The BLASTN result, using the complete genome sequence of SbDV isolate HS, showed that SbDV isolate HS was closely related to the SbDV isolate SDV-HZ3 (MG600300) identified from red clover in the Czech Republic with 99% sequence coverage and 98.40% nucleotide identity. We generated a phylogenetic tree using 34 available complete genome sequences of SbDV, including HS isolate from this study (Fig. 1B). The phylogenetic tree showed two distinct groups of 34 SbDV isolates. Group A contained 17 SbDV isolates, including the HS isolate. The SbDV isolates in Group A were derived from the Czech Republic (SDV-HZ3 and SDV-HZ1), the USA (Wisc3, W4, ClIL2, IA-2017, IA-2-2018, IA-1-2018, and IA-2016), Japan (DP, DS, and HS99-5), the UK (Market Weighton), Germany (SBDV/Kreis Stormarn_18 and SBDV/Kreis Stormarn_ 16), and Korea (HS128 and HS). Most isolates in Group A were identified from soybean, and some isolates were derived from Trifolium pratense L. (SDV-HZ3 and SDV-HZ1), Pisum sativum (Market Weighton, SBDV/Kreis Stormarn_18, and SBDV/Kreis Stormarn_16), and Vigna angularis (HS128). Most isolates in Group A were identified from Pisum sativum. In contrast, Group B contained SbDV isolates from Japan (YS and YP), the UK (East Anglia SbD), Germany (JKI ID 23556 and SBDV/Muenster_16), Australia (LR584028, LR584029, and LR584030), and the USA (MD6-Y).
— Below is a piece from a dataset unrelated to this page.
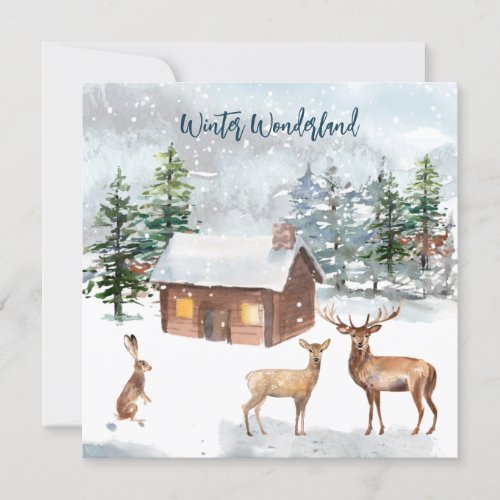 Deer log cabin hare Christmas Party Flat Card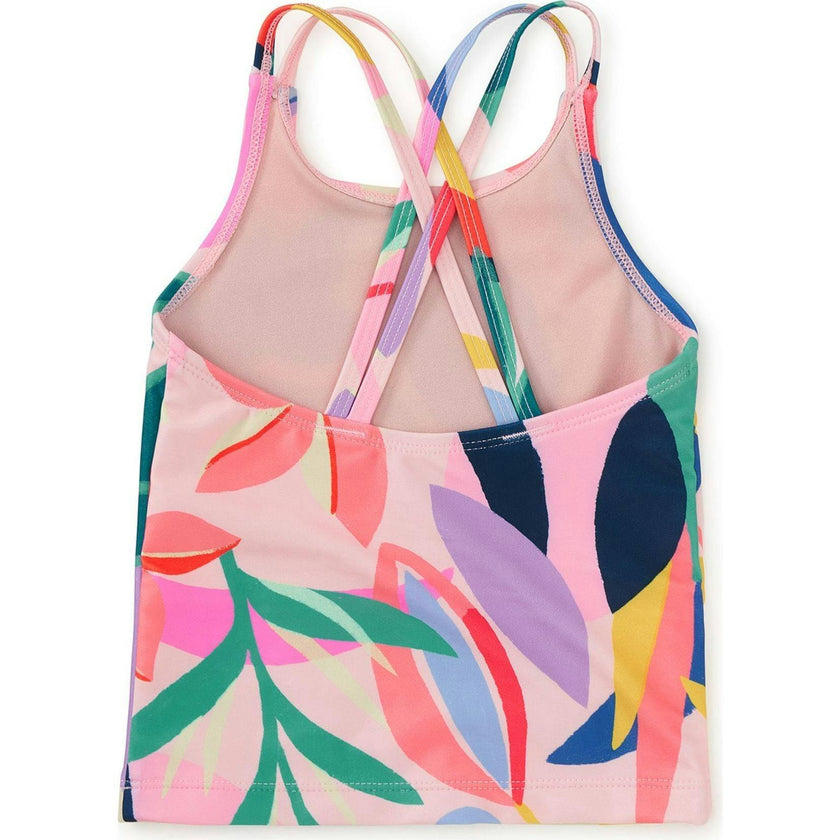 Cross Back Tankini Top, Pink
Nucleotide sequence accession number

The complete genome sequence of soybean dwarf virus isolate HS has been deposited in GenBank under the accession number OM953424.

적 요

왜화, 융기, 황색 등 바이러스성 질환 증상이 심한 콩 식물을 발견했다. 바이러스병을 일으키는 병원체를 밝히기 위해, 감염된 잎 샘플에서 총 RNA를 추출하고, 리보솜 삭제 라이브러리를 준비한 후 RNA 염기서열 분석을 실시하였다. Raw data를 de novo 조립하였으며, 조립된 contig들을 이용하여 바이러스 단백질 데이터베이스에 매치하여 BLASTX 검색을 수행하였다. Luteoviridae과의 Luteovirus속의 콩위축바이러스(Soybean dwarf virus, SbDV)와 관련된 4개의 contig들을 동정하였다. 5개의 ORF (Open Reading Frame)를 코드하는 5,686개의 뉴클레오티드를 가진 SbDV 분리주 HS의 완전한 게놈을 얻었다. 계통학 분석 결과, SbDV 분리 HS는 미국과 체코로부터 분리되는 A 그룹에 속하는 것으로 나타났다. 본 연구에서는 RNA-sequencing을 이용해 한국의 콩에 감염되어 있는 SbDV 분리 HS의 전체 유전체 서열을 보고한다.

Acknowledgments

This work was carried out with the support of the “Cooperative Research Program for Agriculture Science & Technology Development (Project No. PJ01498301)” conducted by the Rural Development Administration, Republic of Korea and Korea Institute of Planning and Evaluation for Technology in Food, Agriculture and Forestry (IPET) through Crop Viruses and Pests Response Industry Technology Development Program, funded by Ministry of Agriculture, Food and Rural Affairs (MAFRA) (320038-3).

Conflict of Interest

The authors declare that the research was conducted in the absence of any commercial or financial relationships that could be construed as a potential conflict of interest.